I suspect they wanted to have their work appear in an IPCC document and the funding agencies wanted the same thing. One run was sufficient and they ran it.
They may also have done other things to learn about physics, improve models &etc. The difficulty is there is a tension between trying to predict the future, now– which requires time consuming expensive runs, now, and learning how to better improve physical models which can’t necessarily be used to predict the future yet.

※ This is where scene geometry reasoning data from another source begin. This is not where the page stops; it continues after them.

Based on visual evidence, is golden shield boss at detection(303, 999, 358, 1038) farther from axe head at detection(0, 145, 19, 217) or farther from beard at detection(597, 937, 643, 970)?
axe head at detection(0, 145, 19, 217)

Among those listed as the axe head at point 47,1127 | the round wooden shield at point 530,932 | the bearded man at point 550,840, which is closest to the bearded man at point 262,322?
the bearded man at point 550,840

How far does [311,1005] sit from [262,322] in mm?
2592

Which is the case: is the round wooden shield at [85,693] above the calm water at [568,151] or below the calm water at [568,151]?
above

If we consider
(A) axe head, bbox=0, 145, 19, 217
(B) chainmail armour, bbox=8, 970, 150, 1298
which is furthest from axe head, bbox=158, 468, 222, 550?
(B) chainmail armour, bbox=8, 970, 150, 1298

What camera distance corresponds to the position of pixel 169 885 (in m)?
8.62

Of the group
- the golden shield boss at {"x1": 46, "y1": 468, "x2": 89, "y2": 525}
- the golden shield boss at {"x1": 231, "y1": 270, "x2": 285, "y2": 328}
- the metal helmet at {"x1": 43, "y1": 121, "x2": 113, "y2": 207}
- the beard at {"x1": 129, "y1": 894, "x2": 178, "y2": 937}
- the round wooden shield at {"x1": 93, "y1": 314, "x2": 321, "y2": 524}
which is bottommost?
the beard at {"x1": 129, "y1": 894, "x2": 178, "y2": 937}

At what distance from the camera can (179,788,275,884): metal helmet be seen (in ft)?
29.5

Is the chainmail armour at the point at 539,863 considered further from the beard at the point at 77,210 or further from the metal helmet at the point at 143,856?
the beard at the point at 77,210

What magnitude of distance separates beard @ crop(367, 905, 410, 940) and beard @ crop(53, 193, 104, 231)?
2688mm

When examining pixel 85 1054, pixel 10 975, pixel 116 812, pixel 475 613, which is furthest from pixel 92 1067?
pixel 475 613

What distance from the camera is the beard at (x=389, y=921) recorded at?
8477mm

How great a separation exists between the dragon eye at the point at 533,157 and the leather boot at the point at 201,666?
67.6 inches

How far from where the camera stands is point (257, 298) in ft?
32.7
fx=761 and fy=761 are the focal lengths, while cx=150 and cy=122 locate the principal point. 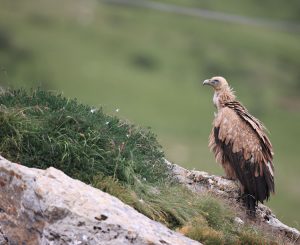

So, we have quite a few 1 run models, some 2 run models and very few models with anywhere near the number of models that permit people to do realistic tests of their properties. (Or, the statistical power to detect deviations from reality is extremely low unless if they end up way off.)
the graph that shows the way the models display internal clustering yet external divergence, if that makes sense, is enlightening. The next offcial pronouncement ought to take this in to account. It is hard not to conclude that the spaghetti graph is a highly misleading graphic – no one model shows anything like he same spread as the apparent error range. Will Tamino, Eli or Gavin comment on this….I think not. Arthur Smith will probably stay hidden as well.
a viewpoint from a modeller would be interesting….
Lucia,
I’m not sure how hard it is to write a negative comment about such an obviously crappy paper.
What is clear to me is that these kinds of ‘papers’ discredit the whole of climate science as a serious field of study; that they are not shouted down by practicing climate scientists as being the (obvious) crap that they are is the most damaging part of the whole story. It is time for climate science to clean house. Throw out the nonsense and stick to the science. Send James Hansen into a graceful retirement…… with his grandchildren. Stop trying to control the message. Let the chips fall where they may.